What do I do all day? Well, I wish I could say it was read, but I can’t get through a beloved book, let alone get caught up on all the professional information that comes at me daily so Rhinelander can be the best library for the community. A short answer is in addition to paperwork, I attend meetings, help folks find what they want and need here and online, answer questions from everyone, meet with people, and go through stacks of materials to see if they are still being used and should still be on the library shelves. This morning I checked in on someone, got a hug, and picked up the paper before the library opened, in addition to the items I just listed, and preparing for the Library Board of Trustees meeting this afternoon.
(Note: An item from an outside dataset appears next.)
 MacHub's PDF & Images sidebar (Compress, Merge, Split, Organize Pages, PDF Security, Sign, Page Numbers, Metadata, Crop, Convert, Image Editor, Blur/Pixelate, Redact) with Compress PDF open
Other days, other situations. Everyday a new challenge. Sometimes technology doesn’t work well or someone gets ill and I’m calling for help or working at the front desk, ordering requested materials, or honing the collection from the shelves. It’s all in a day’s work for many of us here at your library.
Did I actually have to go to school to get this job? Well, yes. I am a proud University of Wisconsin—Madison graduate. For the population Rhinelander District Library serves, and the size of the library, I must have a master’s degree in this field. And there are several of us who received master’s degrees and quite specific training on library law, business, materials selection, care and preservation of historic materials, cataloging, literacy education and programming for all ages, child development, technology, researching and answering questions, along with so much else that ensures this library runs well. And education is continued all year, every year, online and in person, all to make sure you get the best possible library with the most up-to-date educated, well-trained people helping you here.
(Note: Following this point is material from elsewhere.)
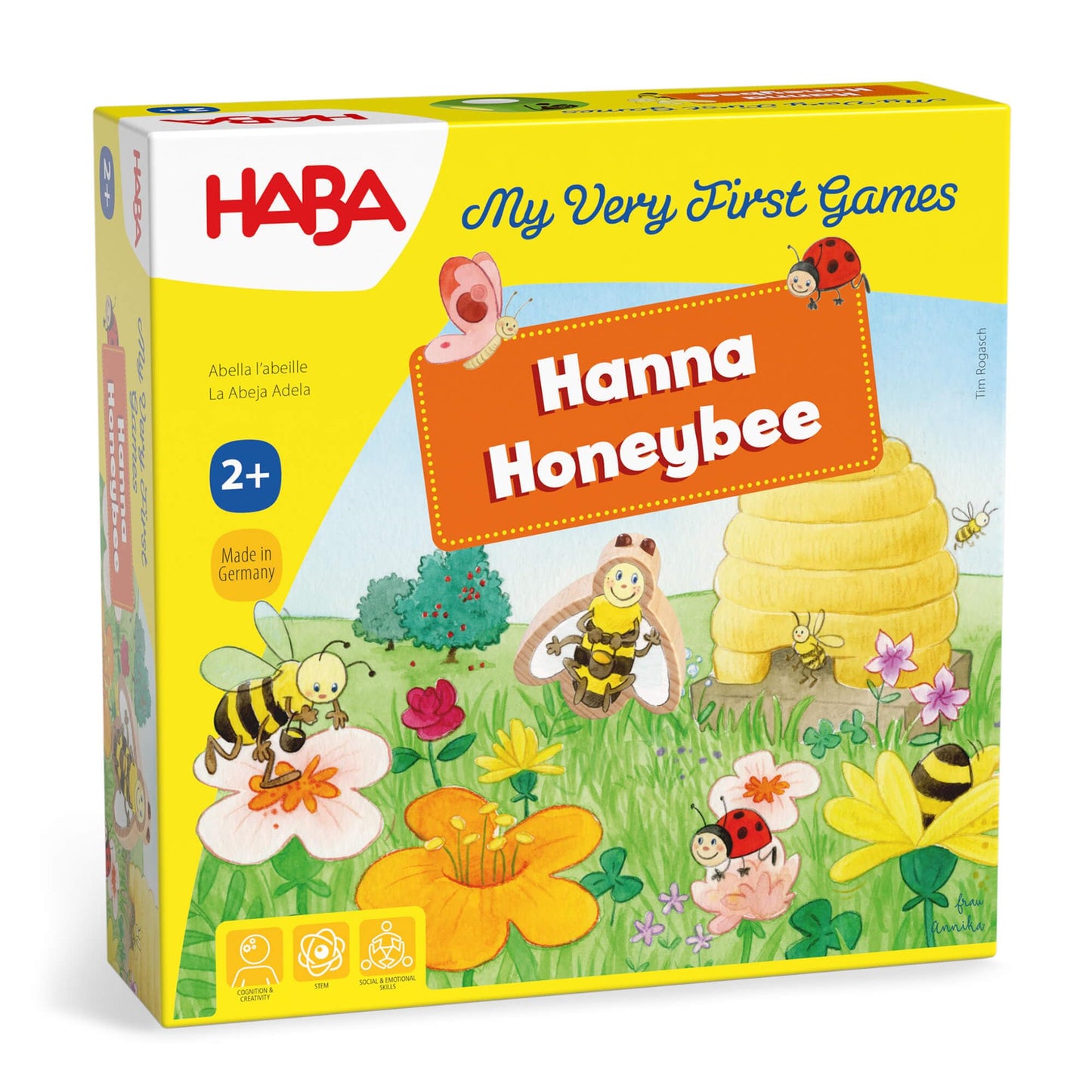 HABA My Very First Games - Hanna Honeybee - 2 Cooperative Color Games & Learning Toys for Toddlers 2-4 Years, Preschool Kids Gam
And that last question, the one about making someone quiet. The library has a policy for that. It requires those who come in the building not disrupt others. But this building, the hum of the lights, the computers, the “whisper zones” which in a hundred-year-old building make conversations carry—is not and cannot be quiet. If someone disturbs or disrupts you here, please politely say something to them or to one of the library staff so we may say something. Please don’t get angry. The Rhinelander District Library is a living community building. According to the rough statistics, there is much going on here, chess games, studying, genealogical research, all kinds of questions, tours given to new cardholders, and technology and study assistance to name a few—all told about 500 people (average) in your library daily. So all the noise—that lack of quiet—is the sound of your community growing, learning, playing—if you haven’t heard it lately, perhaps it’s time to stop by, take a tour, pick up a few tax forms, a book, a movie, ask a question or learn about your personal tech or the tech and tech resources at your library. We’re here six days a week and are always happy to see you. And then you can see what all the noise is really about!